▸ INSTRUCTIONS FOR THE TASK: Copy out exactly the stretch below, from the line with "リズリサLIZLISA新品未使用バラ柄ワンピースピンク姫系花柄プリンセス" through the line with "image RUMAH &", both included; the pictures stay out.

▸ SOURCE DATA:
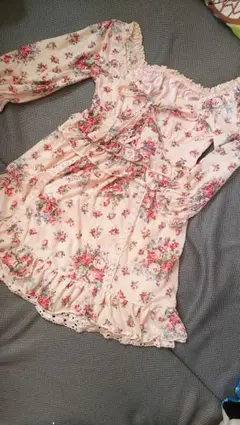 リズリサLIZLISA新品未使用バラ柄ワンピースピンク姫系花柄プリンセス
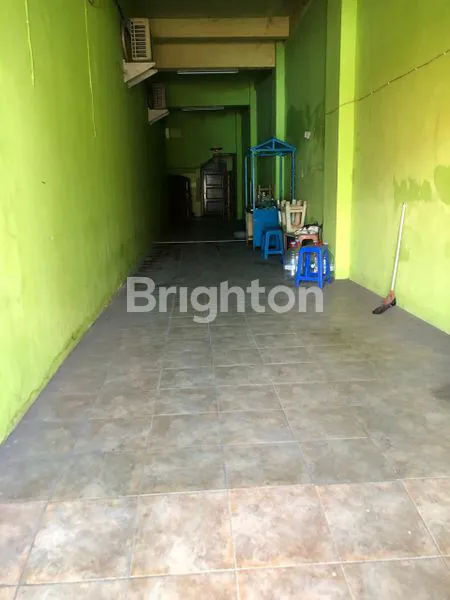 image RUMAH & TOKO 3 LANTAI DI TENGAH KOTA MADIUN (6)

==

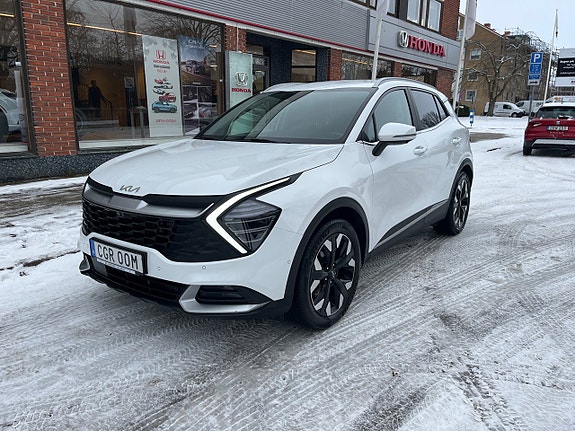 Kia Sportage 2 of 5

▸ REPLY:
 リズリサLIZLISA新品未使用バラ柄ワンピースピンク姫系花柄プリンセス
 image RUMAH & TOKO 3 LANTAI DI TENGAH KOTA MADIUN (6)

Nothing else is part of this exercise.